Each line below from the line with "1987, février, historique, pêcheur" to the line with "view of front" must be copied exactly, including those two, and no picture may appear in the copy.

--- Provided data ---
- - - -
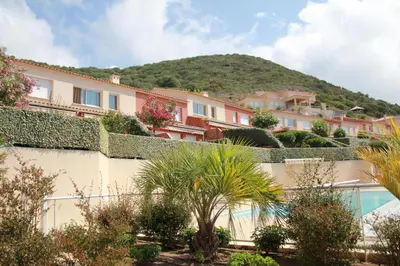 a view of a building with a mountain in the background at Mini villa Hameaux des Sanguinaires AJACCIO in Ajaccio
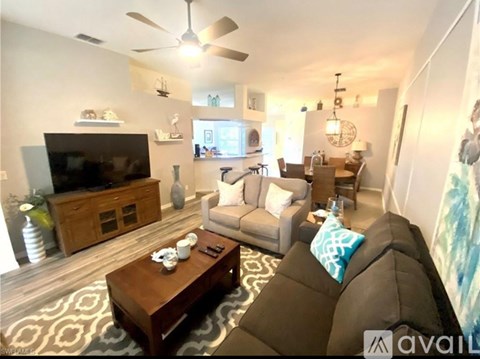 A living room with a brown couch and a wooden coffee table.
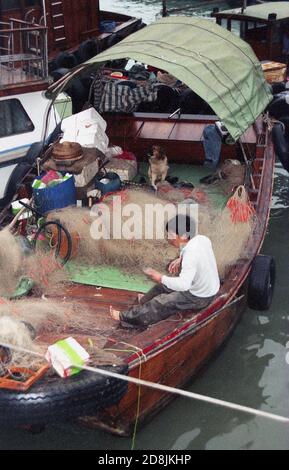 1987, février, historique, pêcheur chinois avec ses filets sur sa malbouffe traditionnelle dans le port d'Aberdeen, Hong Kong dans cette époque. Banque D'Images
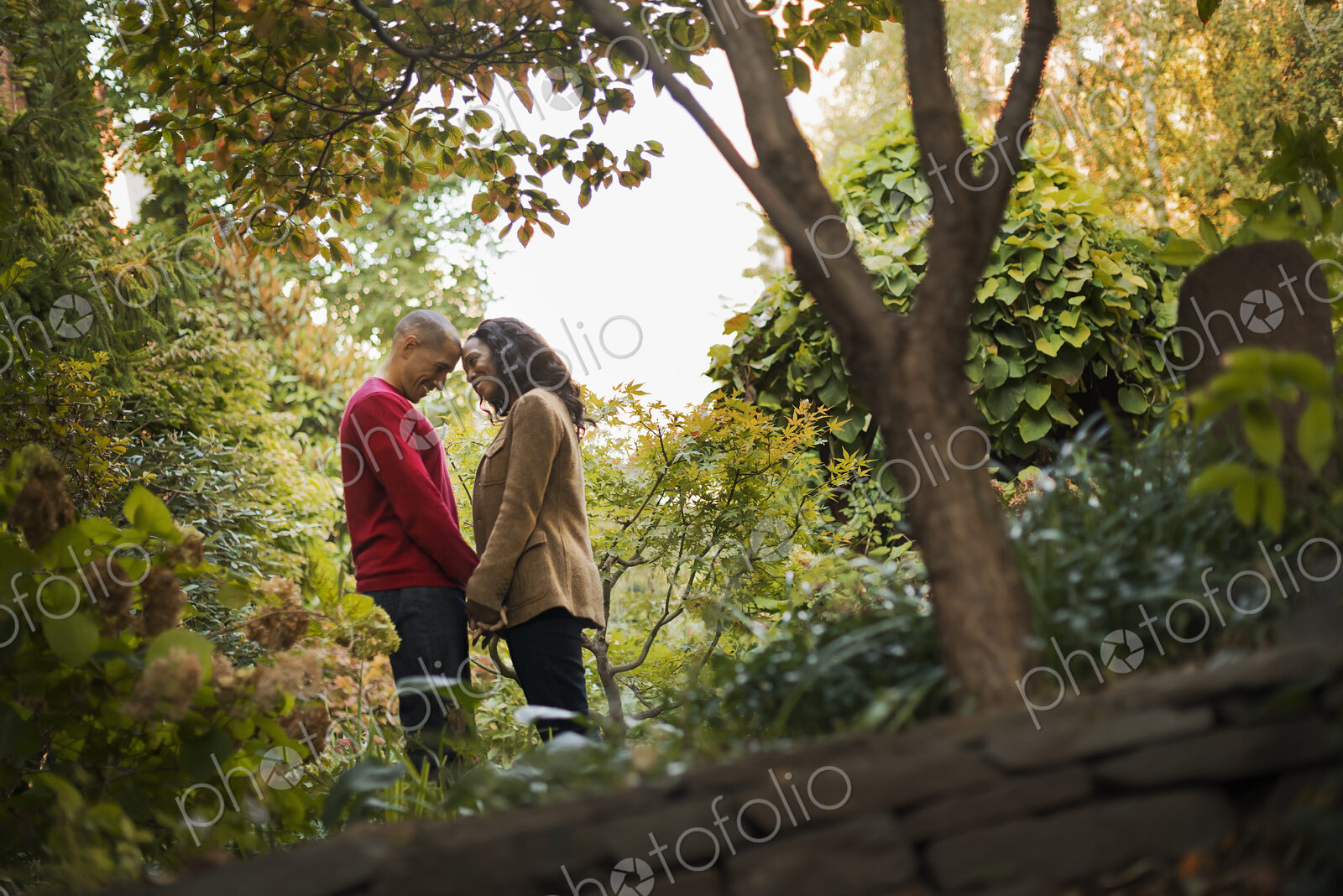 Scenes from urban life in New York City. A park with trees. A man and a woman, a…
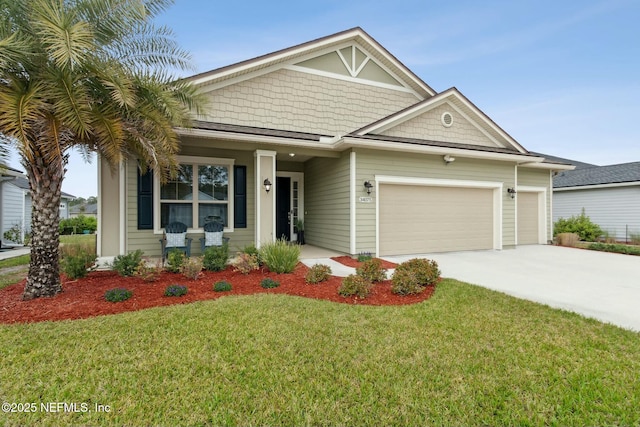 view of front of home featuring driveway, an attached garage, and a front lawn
- - - -
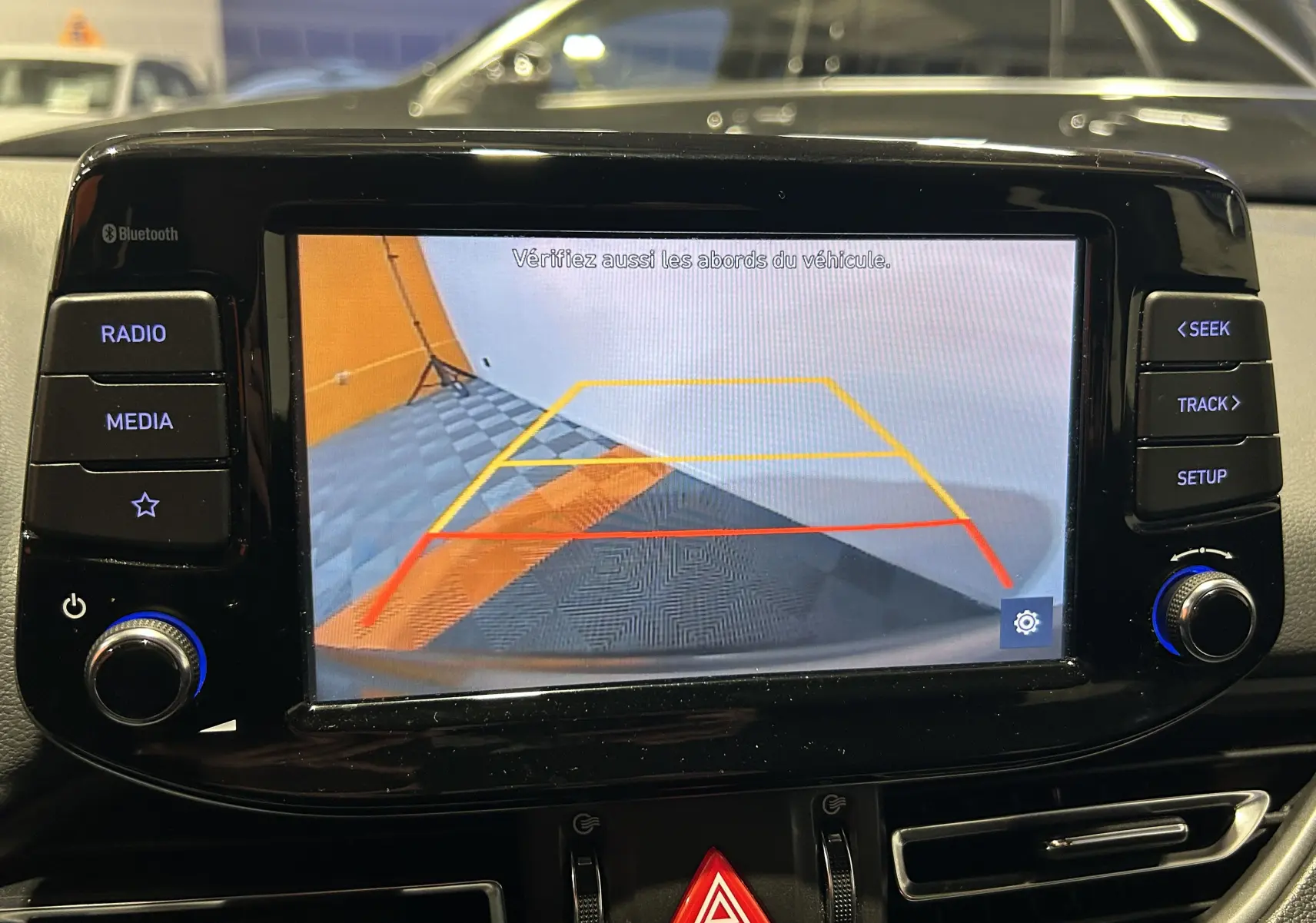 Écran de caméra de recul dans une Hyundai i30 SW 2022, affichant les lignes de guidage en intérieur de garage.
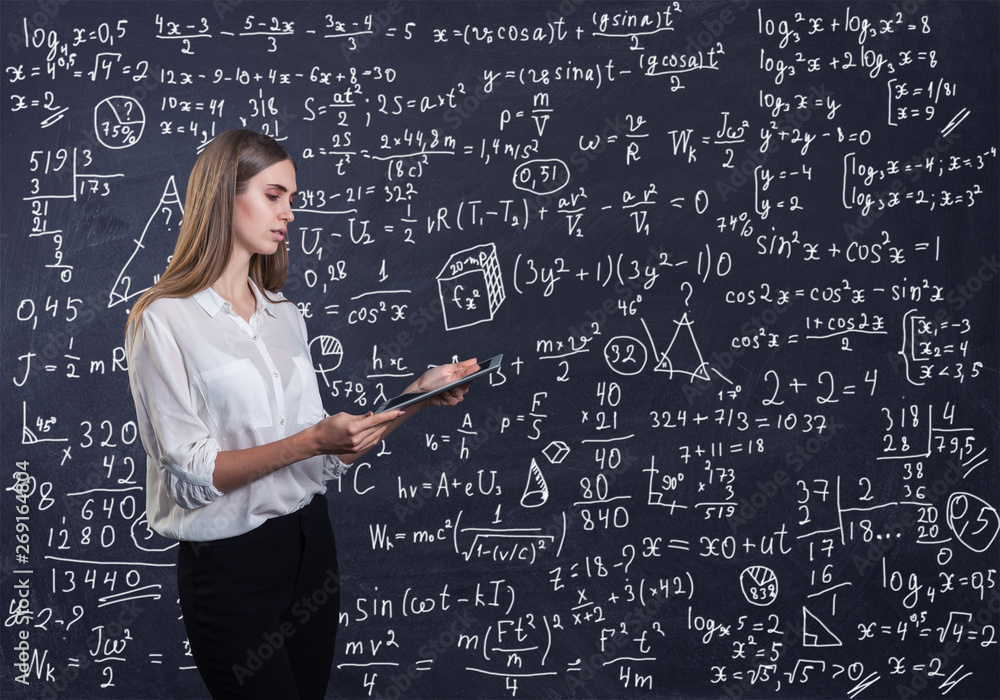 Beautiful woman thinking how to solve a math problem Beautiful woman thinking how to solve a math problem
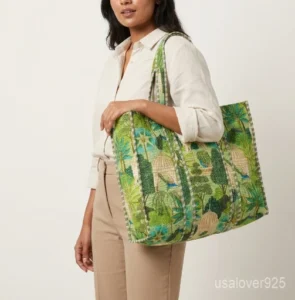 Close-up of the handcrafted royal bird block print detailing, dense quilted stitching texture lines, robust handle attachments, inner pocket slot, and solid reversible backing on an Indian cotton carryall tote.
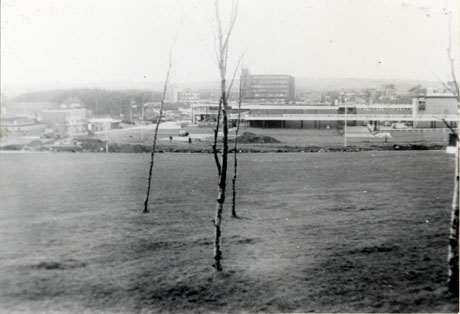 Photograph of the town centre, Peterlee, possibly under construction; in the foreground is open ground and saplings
- - - -
--- Task solution ---
 1987, février, historique, pêcheur chinois avec ses filets sur sa malbouffe traditionnelle dans le port d'Aberdeen, Hong Kong dans cette époque. Banque D'Images
 Scenes from urban life in New York City. A park with trees. A man and a woman, a…
 view of front of home featuring driveway, an attached garage, and a front lawn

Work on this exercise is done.